Is Ava still crafting?


----------



## Everdeen (Apr 29, 2020)

Hi if you're still accepting people I've love to come!


----------



## Sobia (Apr 29, 2020)

can i visit if you got space?


----------



## dino (Apr 29, 2020)

if you're still taking visitors, i'd love to come over and talk with celeste. got a few hybrids i can drop too


----------



## xsopants (Apr 29, 2020)

I'd like to come if still available!


----------



## Chenny (Apr 29, 2020)

Hey yall, unfortunately Ava just stopped crafting    Im checking if anyone else is making anything, but in the meantime Everyone is still welcome to see Celeste and kicks!


----------



## Matt0106 (Apr 29, 2020)

Chenny said:


> Hey yall, unfortunately Ava just stopped crafting    Im checking if anyone else is making anything, but in the meantime Everyone is still welcome to see Celeste and kicks!



I'm interested!


----------



## Proxy6228420 (Apr 29, 2020)

Would love to stop by~ I have hybrids I can bring as a tip


----------



## Chenny (Apr 29, 2020)

Nooblord said:


> Is Ava still crafting?


Sorry, she stopped a bit ago


----------



## Nooblord (Apr 29, 2020)

It’s ok, may I visit for Celeste?


----------



## Ruby Rose (Apr 29, 2020)

I would love to visit Celeste if this is still going on!


----------



## Chenny (Apr 29, 2020)

Everdeen said:


> Hi if you're still accepting people I've love to come!


Hey there! Will send u the code


----------



## Matt0106 (Apr 29, 2020)

Yeah I only need Celeste


----------



## Chenny (Apr 29, 2020)

I’ll dm everyone the code when it’s your turn!


----------



## Ruby Rose (Apr 29, 2020)

I know you posted the code publicly but-is it okay? Don't wanna barge in if you're not ready!

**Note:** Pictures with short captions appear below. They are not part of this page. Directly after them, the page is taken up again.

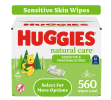 Huggies Natural Care Sensitive Baby Wipes, Unscented, 10 Pack, 560 Total Ct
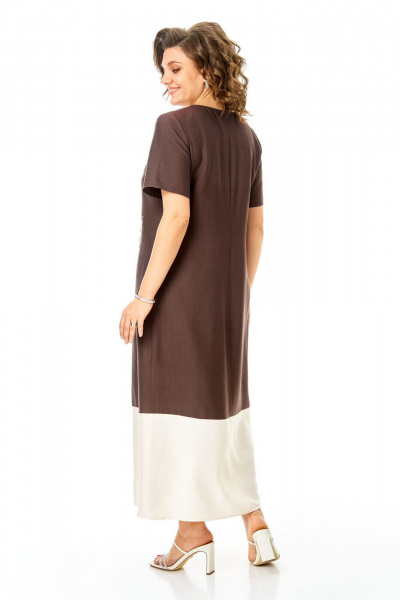 Блуза, платье VI ORO VR-1256 шоколад-молочный - фото 27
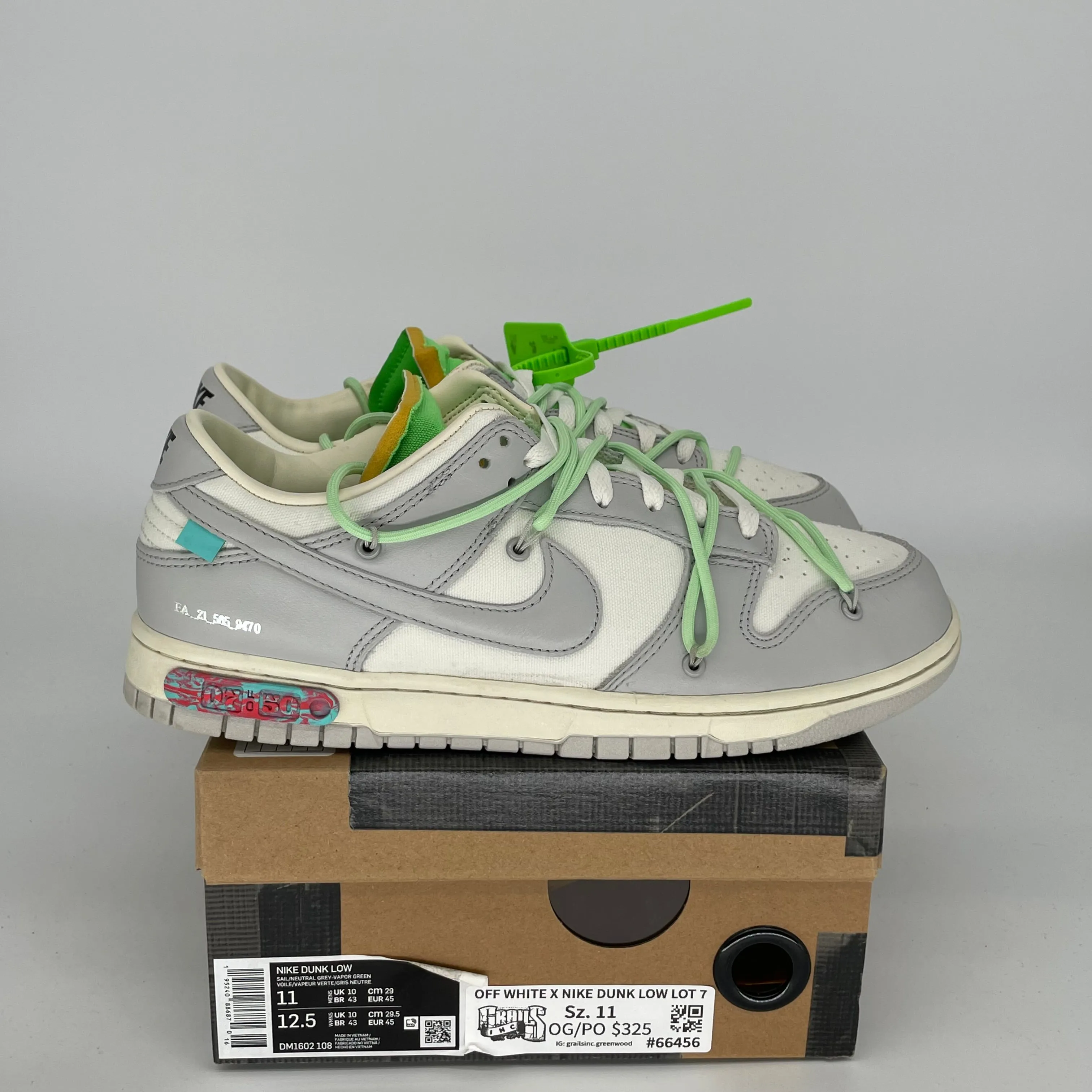 NIKE DUNK LOW OFF WHITE LOT 7 GRÖSSE 11 DM1602-108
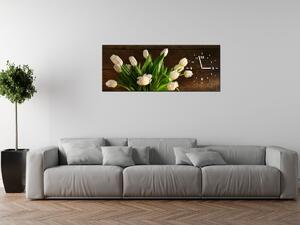 Obraz s hodinami Očarujúce biele tulipány Rozmery: 30 x 30 cm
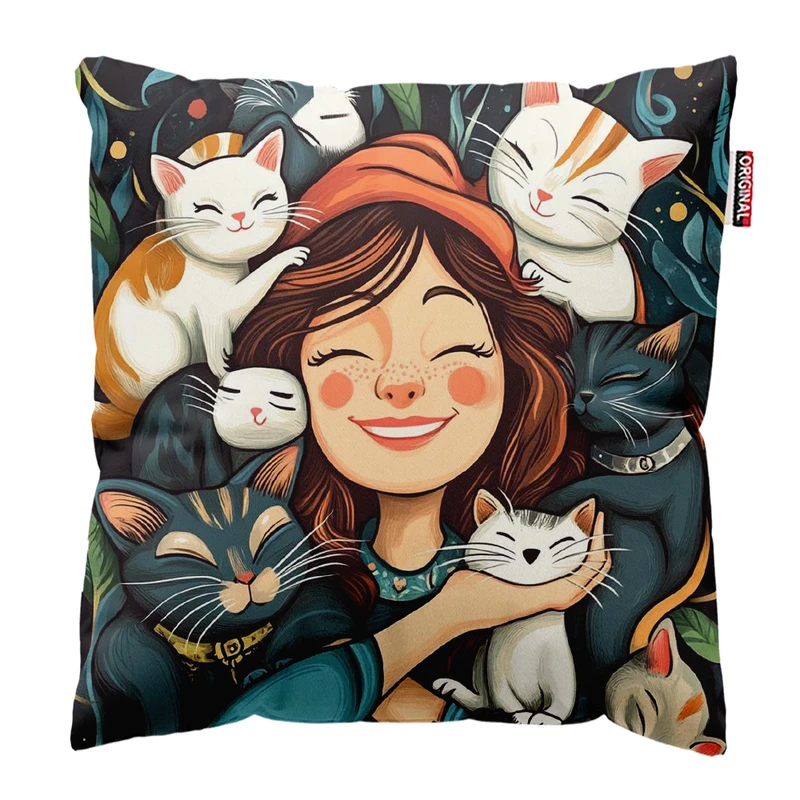 کوسن پاد آفرین مدل دخترانه طرح گربه کیوت فانتزی کد PK301930 سایز 30*30 سانتی متر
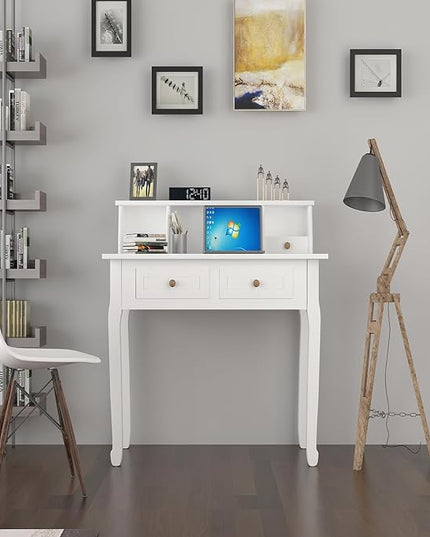 DMAITH Writing Desk with Hutch, 32 Inch Home Office Desk with Drawers, Study Table Computer Desk for Student, Makeup Dressing Table for Bedroom - LeafyLoom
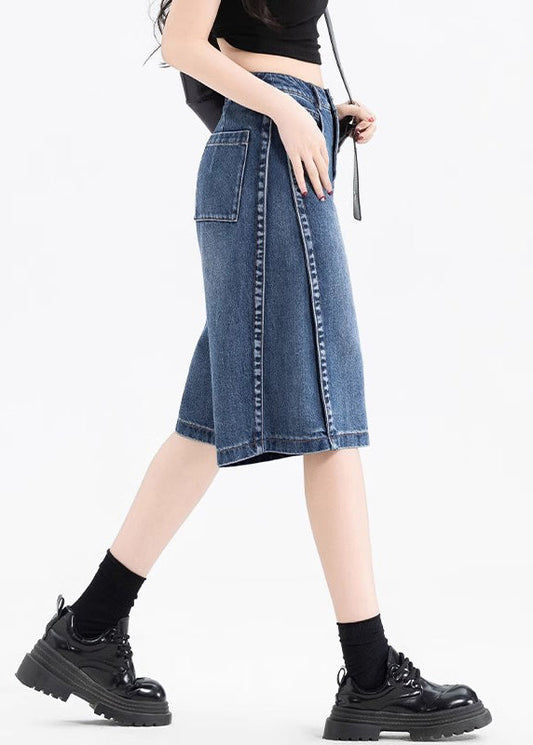 Women Black Pockets Patchwork Denim Crop Pants Summer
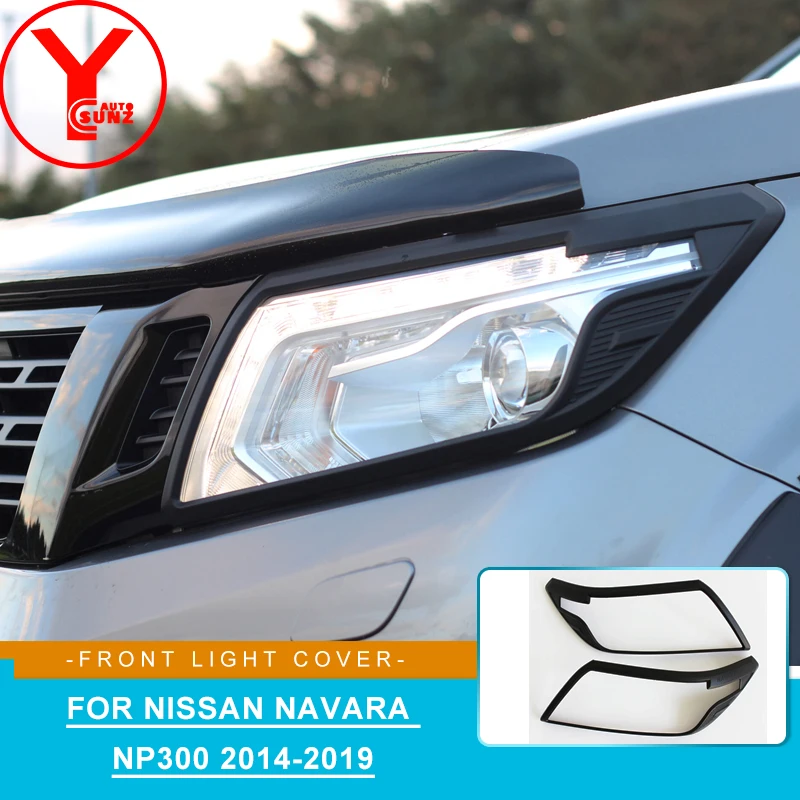 Car Headlight Cover Front Lamp Trim Stickers For Nissan Navara NP300 2015 2016 2017 2018 2019 Car Styling Accessories YCSUNZ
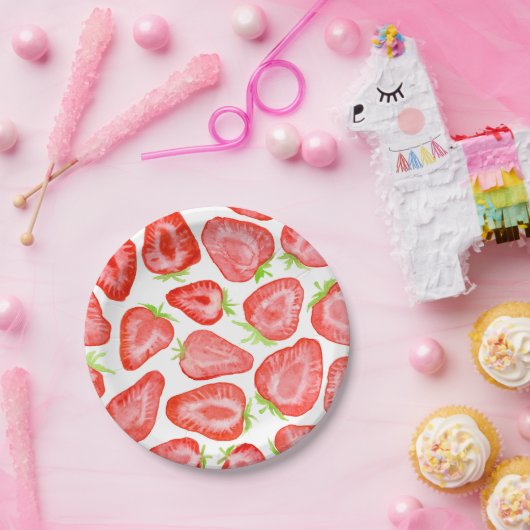 Waterverf strawberry snijdt patroon papieren bordje (Feest)
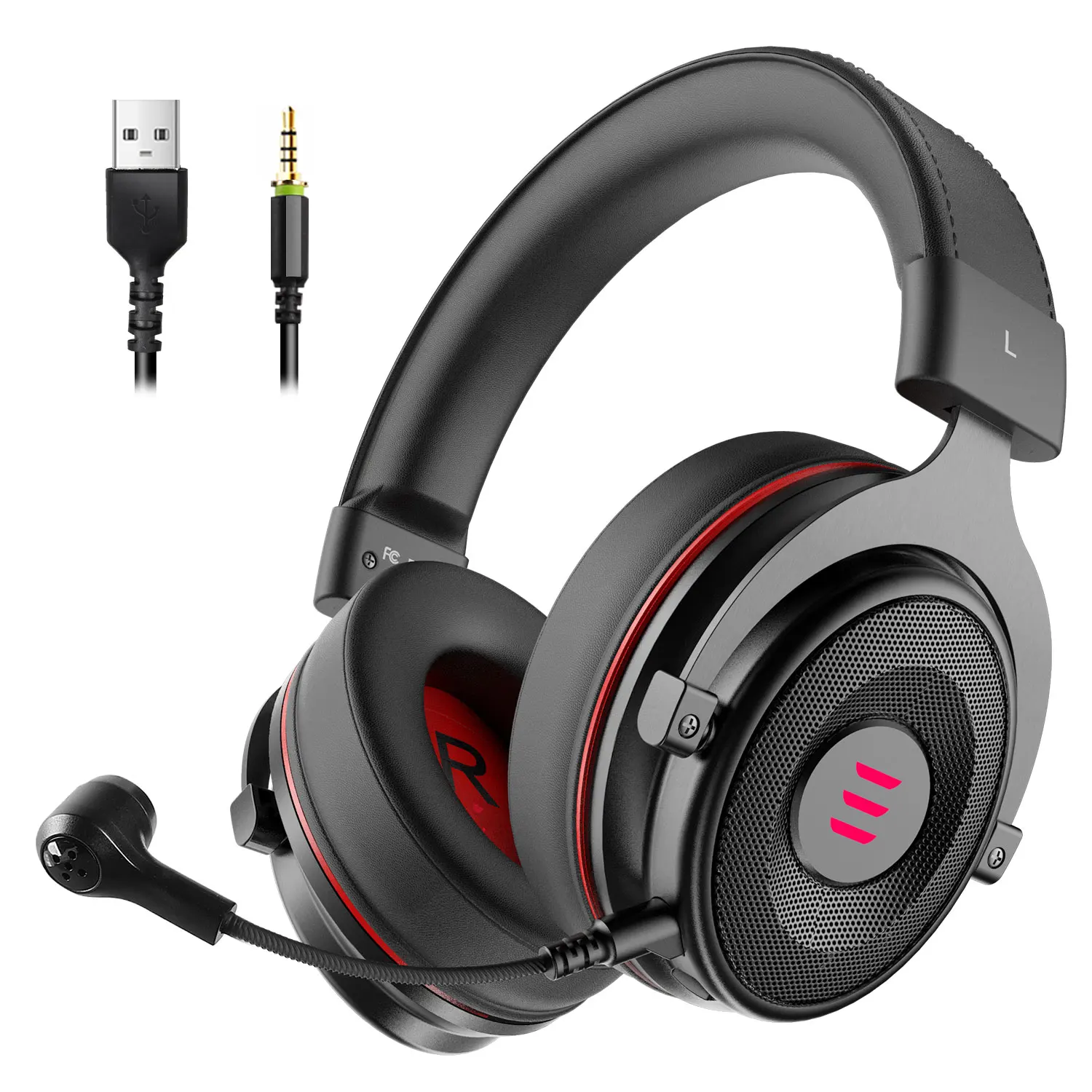 EKSA E900 Pro Headset Gamer USB 7.1/3.5mm Professional Gaming Headphone With Mic Mute Control LED Light Headphones For PC Mobile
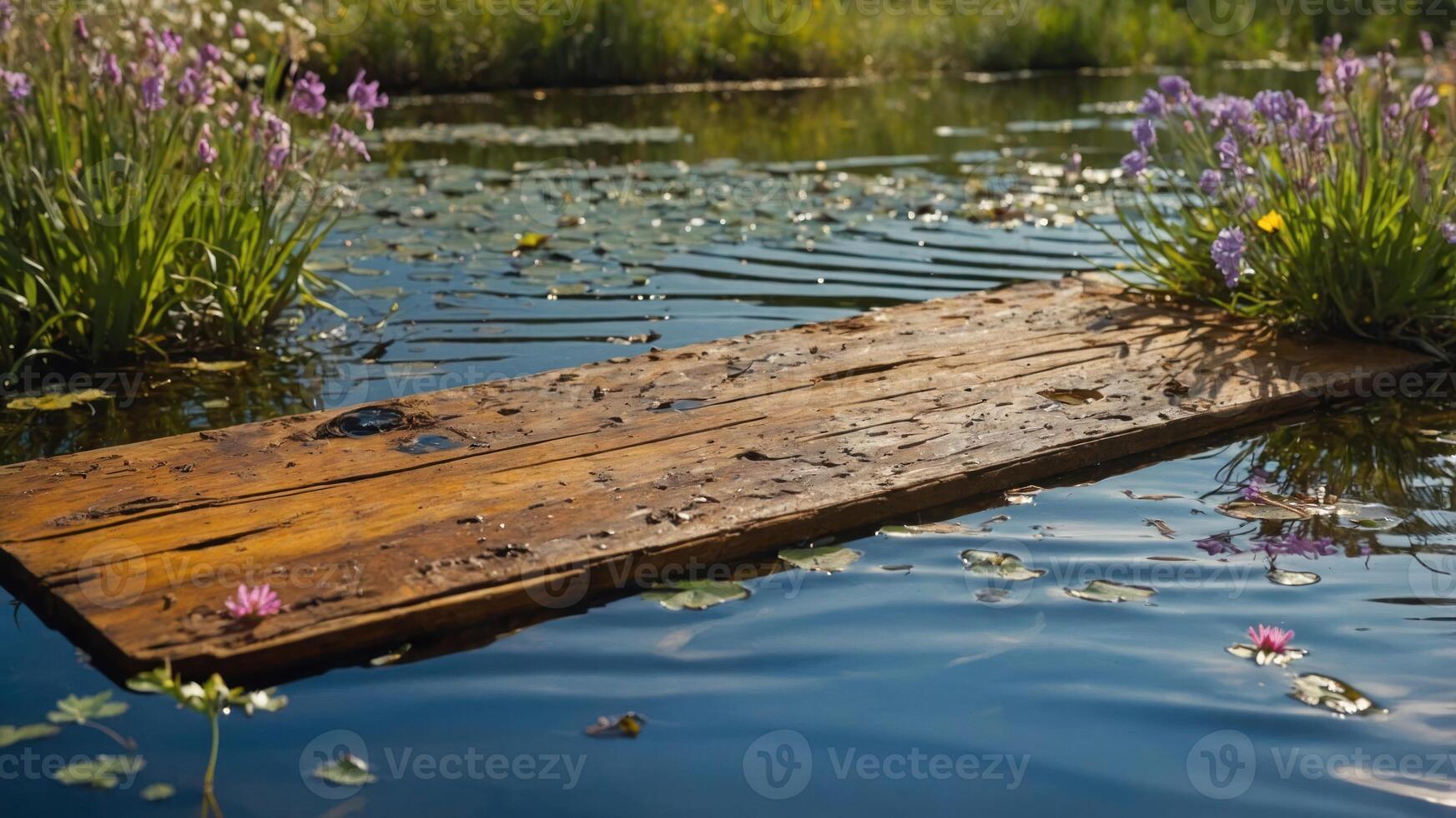A wooden plank rests on a serene pond, surrounded by water lilies and lush greenery. photo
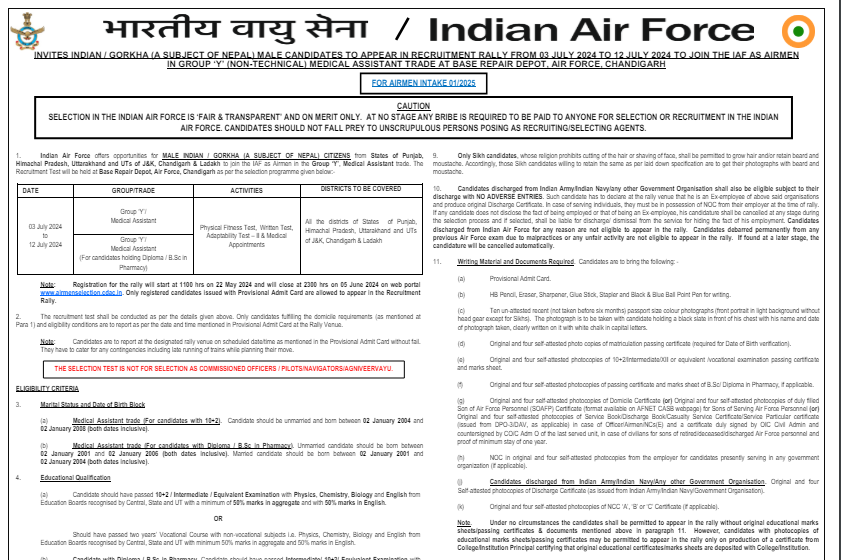 Airforce Airmen Vacancy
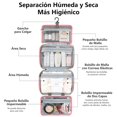 thumbnail image 2 of Cosmetiquera para Maquillaje - Neceser de Viaje con Gancho Bolsa de Aseo Impermeable Bolso Organizador para Articulos de Viaje Accesorios para Mujeres y Hombres (ROSA), 2 of 7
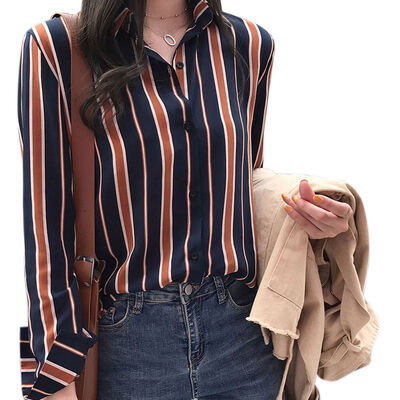 

Autumn Blouse Elegant Women Striped Shirt Casual Lapel Neck Long Sleeve Buttons Work OL Blusas Top Plus Size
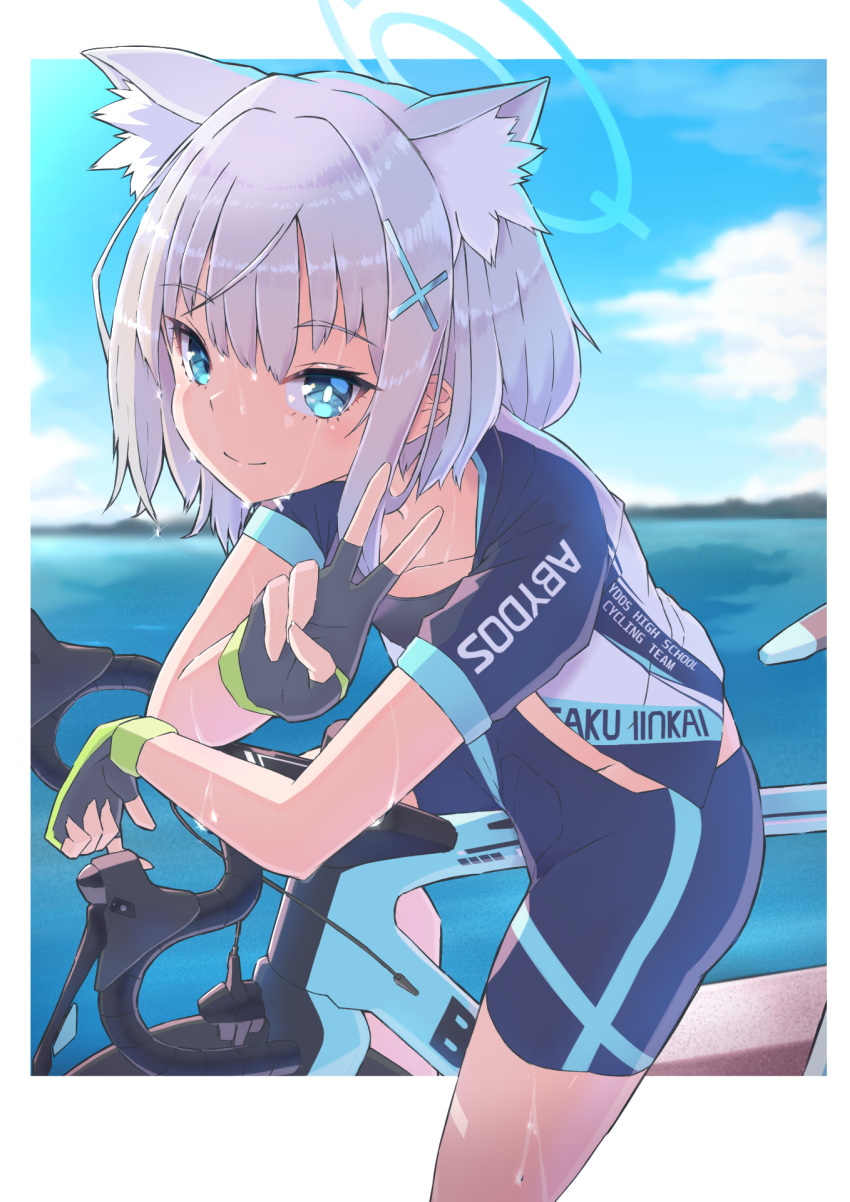 1girl animal_ears bicycle bike_jersey bike_shorts blue_archive blue_eyes blue_sky border check_commentary cloud collarbone commentary commentary_request day eyelashes fingerless_gloves fox_ears glint gloves ground_vehicle hair_between_eyes hair_ornament hairclip halo handlebar highres horizon leaning_forward looking_at_viewer outdoors shiroko_(blue_archive) short_sleeves sidelocks sky smile sparkle strail_cycleman sweat thighs v water wet wet_hair white_border white_hair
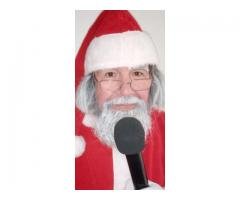 locutor de lojas fantasiado de papai Noel , papai Noel locutor em óticas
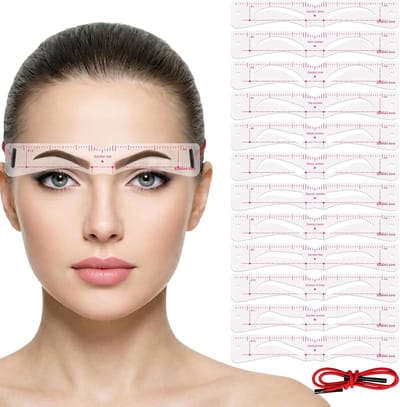 Daity 12 Stuk - Wenkbrauwstencils voor het vormen – Herbruikbare wenkbrauwsjablonenset met 12 stijlen en elastische band – Wenkbrauwstencils van zacht kunststof voor beginners en doe-het-zelf make-up (Transparant)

Edit: Saw your last post! Waiting~


----------



## Chenny (Apr 29, 2020)

Ruby Rose said:


> I know you posted the code publicly but-is it okay? Don't wanna barge in if you're not ready!
> 
> Edit: Saw your last post! Waiting~


Thx for your patience! Will get to you ASAP 

	Post automatically merged: Apr 29, 2020

Closed the thread, but will still get to everyone who’s waiting!


----------



## Nooblord (Apr 30, 2020)

Sorry, had to do something. Digging up some hybrids now and I’ll be right over.


----------



## Chenny (Apr 30, 2020)

Bump! (Reopened)

thank you guys who already visited for being so friendly and generous! You guys make playing this game fun


----------



## Reginald Fairfield (Apr 30, 2020)

Chenny said:


> Thx for your patience! Will get to you ASAP
> 
> Post automatically merged: Apr 29, 2020
> 
> Closed the thread, but will still get to everyone who’s waiting!


Is this still happening?


----------



## morthael (Apr 30, 2020)

interested in stopping by!


----------



## chibihime143 (Apr 30, 2020)

I'd love to stop by if youre still open!


----------



## Farobi (Apr 30, 2020)

Wanna hop in


----------



## Aliya (Apr 30, 2020)

I'd love to stop by!


----------



## atriosocool (Apr 30, 2020)

I would love to come visit!


----------



## Chenny (Apr 30, 2020)

Thanks yall for your visits and kind gifts!


----------